Impenetrable barriers separate the richest Egyptians from the rest of society.

They are real walls of cement and iron, not just symbolic walls describing class structures figuratively.

The wealthiest class is increasingly becoming alienated from the rest of society. They have shut themselves in to enjoy the wealth of a country they know nothing about except what would fill up their coffers.

This minority live in new housing compounds with names like Hyde Park, Beverly Hills, Palm Hills, Evergreen, Utopia, Kattamia Heights and others.

It is a phenomenon unknown to Egypt before the 1952 revolution, whose 52nd anniversary is tomorrow.

Justifying the coup, the revolution’s leaders said that a small number of citizens, less than half percent of population, monopolized the entire country’s wealth. At the time this percentage was equal to about 20,000 people. The same percentage (half a percent) is now equal to about 80,000 people, given the fact that the population has increased nearly four-fold.

However today’s elite minority, which lives behind within the walls of isolated housing compounds, has not reached that number, although the upper social class in Egypt is now bigger than what it was before 1952. It is more than half a percent, perhaps no less than three or four per cent.

Reuters recently reported on one of these compounds in Kattamia, Cairo, to demonstrate the contrast between the palaces and Lexus cars and the adjoining small rooms of service workers and gardeners where up to five are crowded in one room.

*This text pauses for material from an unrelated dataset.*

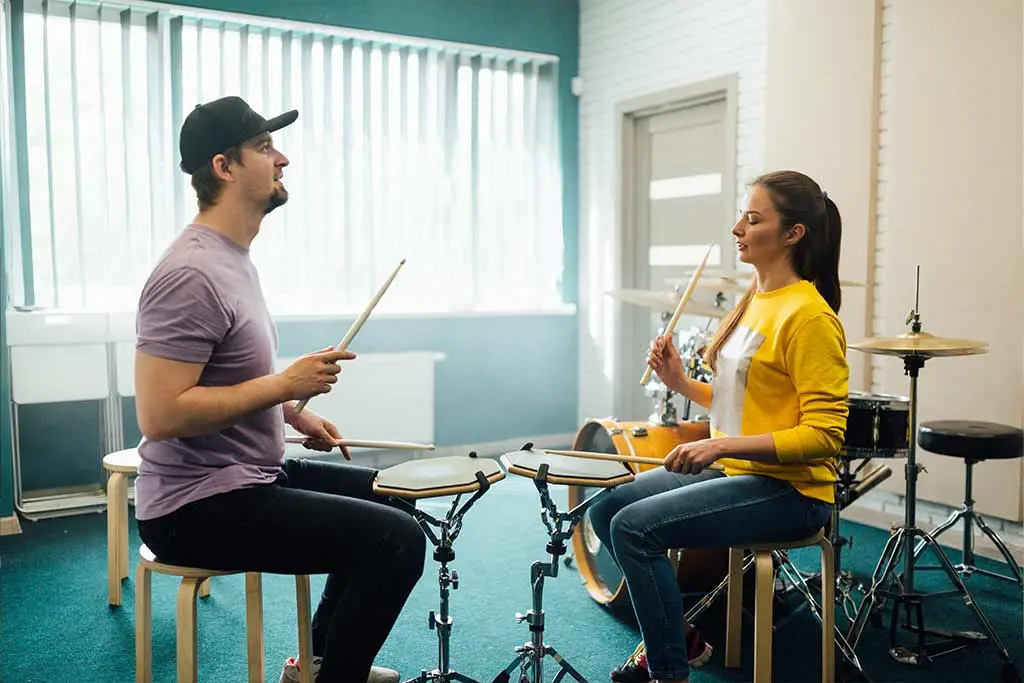 Two adults holding drumsticks beside practice pads and a drum kit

When I raised the issue at a symposium a few days ago, someone argued that this was a healthy phenomenon indicating that the Egyptian economy is growing. He also demanded not to expect all Egyptians to have access to the fruits of this growth so soon, adding that this phenomenon exists in countries that achieve significant progress rates, such as India.

He is right. India is one country where walls separate two worlds: one for the rich and the other for the poor. There are many residential compounds that look like isolated islands, as we see now in Egypt but on a smaller scale.

However, this defense of class separation neglects or ignores two big differences between India and Egypt. The first is historical, as this isolation has been known in India for a long time. India s class hierarchy has been stable in a rare way that has never been seen anywhere else in the world.

Yet this separation is now waning in India because economic growth has brought about unprecedented social mobility, unlike the situation in Egypt, where this growth leads to unprecedented social class separation.

The second big difference is that India has achieved tremendous breakthroughs, catapulting it into the club of developed countries that are changing the global economic map, along with China and Brazil.

India now ranks in twelfth place among the world s economies. Poverty rates have declined as a result of economic growth and significant technological leaps over the past ten years, unlike the situation in Egypt.

Improvement in the living standards of a growing number of Indians, as well as Chinese, is one of the factors that increases pressure on global resources, hence one of the reasons for high oil and food prices.

German Chancellor Angela Merkel made a funny comment in this regard, as she said the global food crisis was due to reasons including the fact that the Indians and the Chinese are now eating three meals a day. The tragedy here is that no one recognizes that some Egyptians, who used to eat three meals a day, have almost lost the ability to do so.

India, like China, is an inspiring experiment for those who want to build their country, not for those who wish to justify the collapse taking place in their countries. It seems that those who defend the walls separating the richest Egyptians from the rest of the people, not just the poor, do not realize the consequences of what they are doing.

Dr Waheed Abdel Meguid is an expert at Al Ahram Center for Political and Strategic Studies.